Stoke now back in the First Division appointed young manager Steve Cotterill prior to the start of the season. Cotterill had got an impressive reputation following his success with Cheltenham Town but after just 13 matches in charge he shocked the club by quitting in favour of becoming assistant manager at Sunderland. Dave Kevan took over as caretaker until Tony Pulis was appointed in November. His task was to ensure Stoke survived which looked a tough ask as Stoke went 16 matches without a win and when Stoke did manage to get a positive result they lost 6–0 at Nottingham Forest. Following that defeat Pulis improved his defence and results were slowly being ground out and it went to the final day of the season against Reading, with Stoke knowing that if they win they will stay up and thanks to Ade Akinbiyi they won 1–0 and finished four points above the relegation zone.

Season review

League
With Gudjon Thordarson failing to gain a new contract the Stoke board moved to appoint Steve Cotterill from Cheltenham Town. Cotterill was seen as one of the best young managers in the country and it was hoped that he would be a long term appointment. He brought in Chris Greenacre a striker from Mansfield Town where he had been a prolific goalscorer. The season started with a 0–0 draw away at Sheffield Wednesday and their first win came at home to Bradford City. This was followed by a 4–3 defeat at Preston North End and defeats by Derby and Burnley. Stoke then went five matches unbeaten to lift them away from danger but the club was shocked on 10 October 2002 as Cotterill quit the club in favour of becoming assistant manager at Sunderland.

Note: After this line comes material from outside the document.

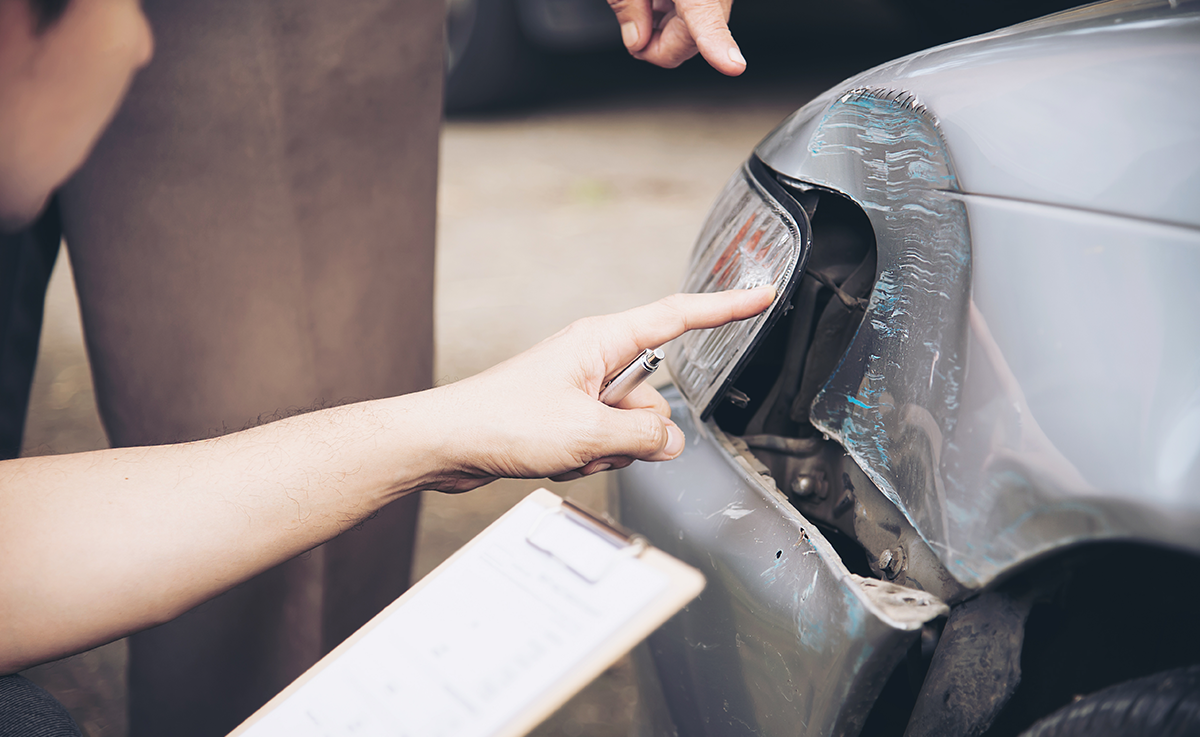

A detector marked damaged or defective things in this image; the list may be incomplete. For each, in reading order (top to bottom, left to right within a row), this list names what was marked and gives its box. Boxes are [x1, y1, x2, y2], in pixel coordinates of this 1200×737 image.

Dave Kevan assumed a caretaker manager role and in his four matches in charge Stoke lost them all to start a worrying run of results. The board had expected to appoint George Burley as manager but somewhat surprisingly Tony Pulis was the man given the job. Pulis had previously turned down the chance to manage the club in 1999 and his appointment was not a popular one with the supporters. In his first match in charge away at Walsall he received a less than warm welcome and Stoke crashed to a 4–2 defeat. It took Pulis' team nine more matches to register a victory and after it looked as though Stoke could start pulling away from relegation they suffered humiliation by losing 6–0 at Nottingham Forest and the survival bid looked grim.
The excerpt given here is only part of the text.